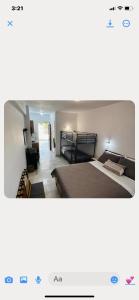 two pictures of a bedroom with a bed at Studio Saroukos in Kalymnos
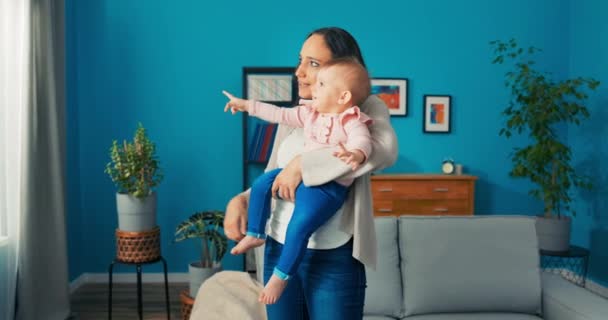 Vol kracht moeder houdt kind in armen gericht venster, punten met vinger in de voorkant — Stockvideo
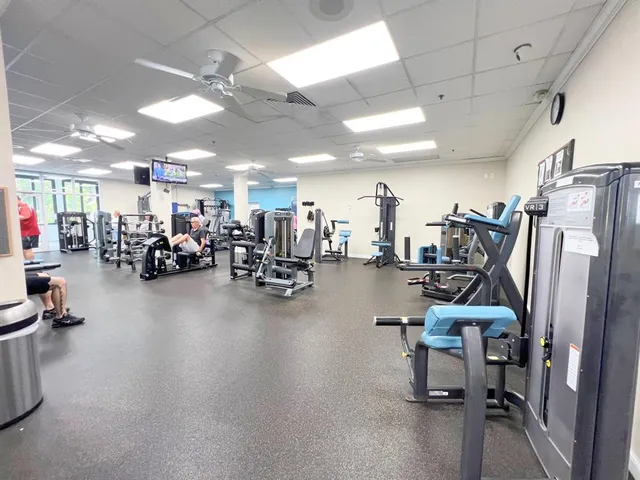 a living room with lots of furniture and a chandelier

-------

TO DO
For the data above, return an exact copy that contains no pictures.

RESPONSE TO THIS TASK
 two pictures of a bedroom with a bed at Studio Saroukos in Kalymnos
 Vol kracht moeder houdt kind in armen gericht venster, punten met vinger in de voorkant — Stockvideo
 a living room with lots of furniture and a chandelier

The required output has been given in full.